Around the half-way point of the book, it became clear that Thomas was telling a different story from what you are first expecting. When Bennett revealed the full truth, I suddenly saw him and his previous actions in a completely new light, and instead Eva became the problematic character. Her many complex hang-ups and her absolute unwillingness to open up or in any way attempt to change made me want to both shout at her and shake her.

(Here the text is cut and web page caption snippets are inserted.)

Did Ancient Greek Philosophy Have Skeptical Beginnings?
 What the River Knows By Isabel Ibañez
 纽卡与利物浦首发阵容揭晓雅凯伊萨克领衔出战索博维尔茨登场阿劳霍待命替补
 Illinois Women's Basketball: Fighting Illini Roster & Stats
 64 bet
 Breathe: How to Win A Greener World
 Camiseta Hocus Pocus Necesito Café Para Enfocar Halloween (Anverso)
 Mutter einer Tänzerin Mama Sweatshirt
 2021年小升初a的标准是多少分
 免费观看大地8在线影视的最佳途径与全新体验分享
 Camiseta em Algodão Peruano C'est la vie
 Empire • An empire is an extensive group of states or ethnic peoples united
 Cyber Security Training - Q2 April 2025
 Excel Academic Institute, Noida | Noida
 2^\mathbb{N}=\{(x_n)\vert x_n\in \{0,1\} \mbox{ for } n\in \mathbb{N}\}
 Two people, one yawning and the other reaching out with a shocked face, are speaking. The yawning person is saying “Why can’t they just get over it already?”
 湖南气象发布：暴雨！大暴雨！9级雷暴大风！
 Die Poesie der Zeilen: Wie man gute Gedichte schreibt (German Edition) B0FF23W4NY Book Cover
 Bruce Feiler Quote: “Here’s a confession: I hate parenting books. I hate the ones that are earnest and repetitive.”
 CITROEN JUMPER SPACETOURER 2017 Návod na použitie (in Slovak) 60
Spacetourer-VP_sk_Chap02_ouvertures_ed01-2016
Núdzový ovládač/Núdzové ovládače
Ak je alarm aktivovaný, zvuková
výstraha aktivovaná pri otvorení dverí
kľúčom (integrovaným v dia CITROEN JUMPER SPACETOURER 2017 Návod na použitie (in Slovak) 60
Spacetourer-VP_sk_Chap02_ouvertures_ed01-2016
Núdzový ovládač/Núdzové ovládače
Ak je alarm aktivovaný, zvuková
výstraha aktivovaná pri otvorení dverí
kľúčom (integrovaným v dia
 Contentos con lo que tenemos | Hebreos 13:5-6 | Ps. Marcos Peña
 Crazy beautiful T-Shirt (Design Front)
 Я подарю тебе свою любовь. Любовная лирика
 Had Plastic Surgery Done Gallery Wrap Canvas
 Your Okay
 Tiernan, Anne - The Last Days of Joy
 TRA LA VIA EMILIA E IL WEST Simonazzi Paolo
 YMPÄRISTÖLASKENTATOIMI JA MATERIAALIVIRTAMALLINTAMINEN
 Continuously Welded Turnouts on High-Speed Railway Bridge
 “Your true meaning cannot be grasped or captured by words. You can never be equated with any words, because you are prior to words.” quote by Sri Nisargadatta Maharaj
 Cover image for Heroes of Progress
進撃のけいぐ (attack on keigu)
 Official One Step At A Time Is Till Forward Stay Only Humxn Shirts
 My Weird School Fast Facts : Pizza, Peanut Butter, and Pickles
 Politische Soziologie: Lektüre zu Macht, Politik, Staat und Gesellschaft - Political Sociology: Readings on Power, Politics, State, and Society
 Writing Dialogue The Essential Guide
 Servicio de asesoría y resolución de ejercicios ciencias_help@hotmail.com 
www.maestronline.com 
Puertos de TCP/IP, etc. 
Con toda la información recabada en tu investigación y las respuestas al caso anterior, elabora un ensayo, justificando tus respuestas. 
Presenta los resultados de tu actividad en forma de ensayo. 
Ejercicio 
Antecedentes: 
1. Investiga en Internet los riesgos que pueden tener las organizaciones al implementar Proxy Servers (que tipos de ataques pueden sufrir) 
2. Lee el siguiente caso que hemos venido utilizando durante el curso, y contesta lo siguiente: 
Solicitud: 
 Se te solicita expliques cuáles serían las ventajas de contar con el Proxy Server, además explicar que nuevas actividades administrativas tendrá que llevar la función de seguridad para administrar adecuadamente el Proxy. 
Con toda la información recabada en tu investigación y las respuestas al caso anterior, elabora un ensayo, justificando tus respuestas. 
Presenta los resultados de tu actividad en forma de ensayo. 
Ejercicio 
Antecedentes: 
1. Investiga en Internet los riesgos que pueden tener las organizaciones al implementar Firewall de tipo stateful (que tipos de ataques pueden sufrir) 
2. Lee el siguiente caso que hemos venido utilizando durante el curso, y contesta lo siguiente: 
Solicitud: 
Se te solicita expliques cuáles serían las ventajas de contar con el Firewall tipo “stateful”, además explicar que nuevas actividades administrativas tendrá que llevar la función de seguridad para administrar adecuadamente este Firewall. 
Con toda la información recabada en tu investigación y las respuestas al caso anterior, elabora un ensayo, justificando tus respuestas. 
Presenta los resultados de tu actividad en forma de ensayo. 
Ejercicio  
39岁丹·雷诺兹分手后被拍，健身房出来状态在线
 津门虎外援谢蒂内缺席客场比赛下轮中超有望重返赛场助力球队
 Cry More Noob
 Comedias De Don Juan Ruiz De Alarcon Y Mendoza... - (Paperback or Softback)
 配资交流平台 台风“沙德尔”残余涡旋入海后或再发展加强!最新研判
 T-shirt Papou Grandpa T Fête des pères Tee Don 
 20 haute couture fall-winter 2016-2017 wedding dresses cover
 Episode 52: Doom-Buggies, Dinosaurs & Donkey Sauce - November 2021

I loved her relationship with her step-mother, and the very realistic portrayal of what living with someone bipolar is actually like, but it wasn't enough for me to warm to this as a romance.

 

For the first half of the book, Bennett sort of gave me the creeps as a hero, and for the second half of the book, I wanted Bennett to go off and find someone more worthy of him, because Evangeline was a rubbish heroine. It obviously all ends up working out in the end - it is a romance, after all, but this is by far my least favourite of Thomas' novels to date. I suspect that I would probably like it more upon a re-read, but it seems unlikely that I'll pick it back up again any time soon. Nonetheless, this book has words in the title that have made it a possible read in FIVE separate months this year for my Monthly Key Word Reading Challenge. It's also been on my TBR list for more than a year. I pretty much had to read it before the year was out.

 

Judging a book by its cover: My feelings about the cover for this book much reflect the feelings I have for the actual novel - largely indifferent. Beautiful scenery, I'm assuming it's the Italian coastline. Generic couple smooching. *shrugs* I find the choice to have one and my in the title italicised. It doesn't so much emphasise the words as make the cover look slightly off somehow.